Other than the famous late-night shows, WLAC followed a fairly conventional news/features course in the daytime until the early 1970s, when new management attempted to program a standard-issue consulted Top 40 format, competing against ratings leader WMAK (now defunct) for the Nashville-area teenage audience. This move in particular is believed to have prompted Richbourg and Nobles to retire, as they had no interest in conforming to a predetermined, pop-oriented playlist.

In addition to this, most markets in WLAC's night-time coverage area now had African-American-oriented stations of their own, most of which attracted the demographic groups that formerly listened to Allen, Richbourg, and Nobles' shows as their only source for R&B and soul music. Furthermore, musical tastes among younger listeners in particular changed in divergent directions as the 1970s approached, as Euro-American youth began to prefer the hard rock that initially modeled itself on the blues (especially on the upstart FM stations that began playing it), while African-American kids gravitated toward the grittier edges of funk or early disco and, eventually, rap. This made the Motown, Muscle Shoals, and Memphis sounds favored by the DJ trio seem passe, and the hosts' audience, unsurprisingly, began to age, something almost always unattractive to radio station managers. Changing tastes also brought about an imminent demise to record labels such as Stax, which were major suppliers of music heard on the R&B/Soul shows.

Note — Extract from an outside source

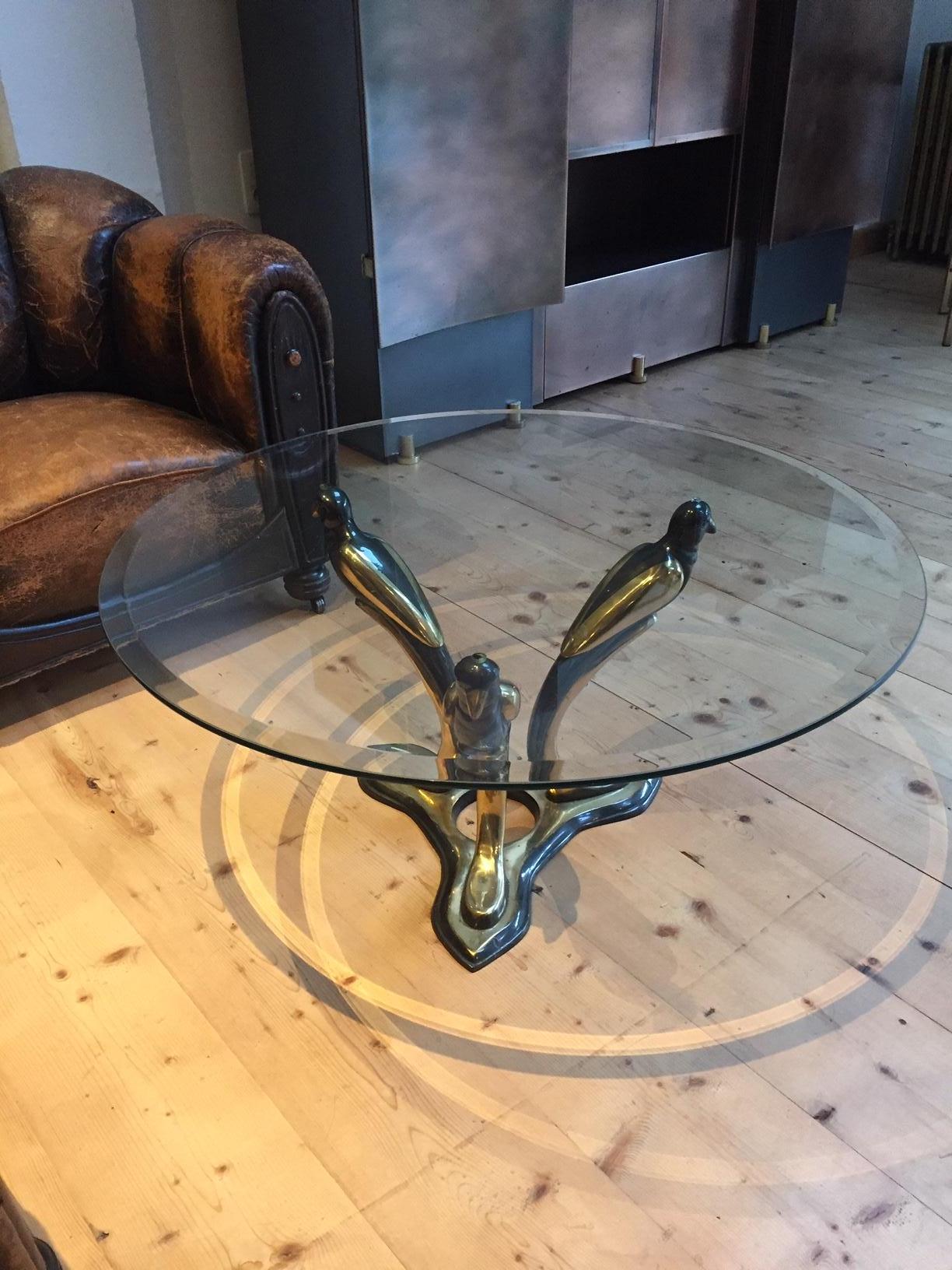 1970s Coffee Table Base with Birds, Black and Gold, France  8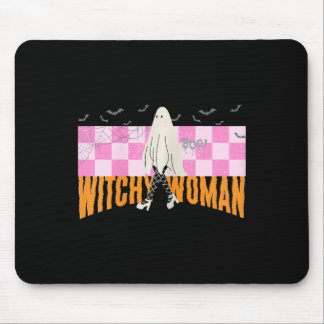 Vrouw Grappig Halloween Kostuum Spooky Feminist Muismat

The retirements, however, alienated many former listeners outside Nashville who no longer heard distinctive programming, and WLAC appeared to gain little Arbitron improvements from the remaining local audience, this despite nonstop promotional events staged throughout the Nashville area. Only Hoss Allen kept his program, which he converted sometime in the late 1970s or early 1980s to a black gospel format, by moving it to the overnight slot before morning drive-time; despite complying with management wishes (unlike Richbourg and Nobles), WLAC never promoted Allen's shows actively again.

[edit] News and talk since 1980

The station finally pulled the plug on its unsuccessful run as a Top 40 outlet and changed formats to news and talk in 1980, making it one of the first stations in the Southern U.S. to adopt that format exclusively. It continues to fill that niche of programming, and in 1986, WLAC pioneered the now-burgeoning format of sports talk in Middle Tennessee, when it began a two-hour-long afternoon drive-time sports talk show hosted by record company executive and sports fan Rick Baumgartner, along with former WSMV sportscaster Charlie McAlexander. Also, former WSM-AM, WSMV and WKRN personality Teddy Bart launched his critically-acclaimed "Roundtable" interview program on WLAC's morning schedule in 1985. The show, which featured newsmakers in Tennessee politics, later moved to several other Nashville stations before discontinuing production in 2005.

Much in the same manner as in years past when network programming gave way at sunset to R&B music for a different audience, for many years after WLAC changed to news and talk, the station abruptly switched, at 8 p.m. Central Time (when the clear-channel signal settled into place) to an all-religion format. The nighttime line-up included mostly paid broadcasts of many evangelical, fundamentalist, and Pentecostal preachers, with the news/talk format resuming at daybreak (after the Hoss Allen show). This practice was discontinued shortly after the station's purchase by Clear Channel Communications.

[edit] Currently

WLAC is now the Nashville home for popular conservative talkers such as Glenn Beck, Rush Limbaugh, and Sean Hannity. Also heard are Coast to Coast AM and University of Tennessee athletics. WLAC's main competitor is WWTN, an FM talk radio station. The station is an affiliate of Fox News Radio.

[edit] Schedule

[edit] Miscellanea

The WLAC callsign once also applied to a Nashville FM station (105.9, now WNRQ) and TV station (Channel 5, now WTVF). They, along with the AM station, were once owned by the Life and Casualty Insurance Company of Tennessee (hence the callsign, also sometimes said to stand for We Love All Christians). The FM station is now owned by Clear Channel, and remains a sister station to WLAC. The TV station left the family in 1975, when it was sold to the Hobby family of Houston (it is now owned by Landmark Communications).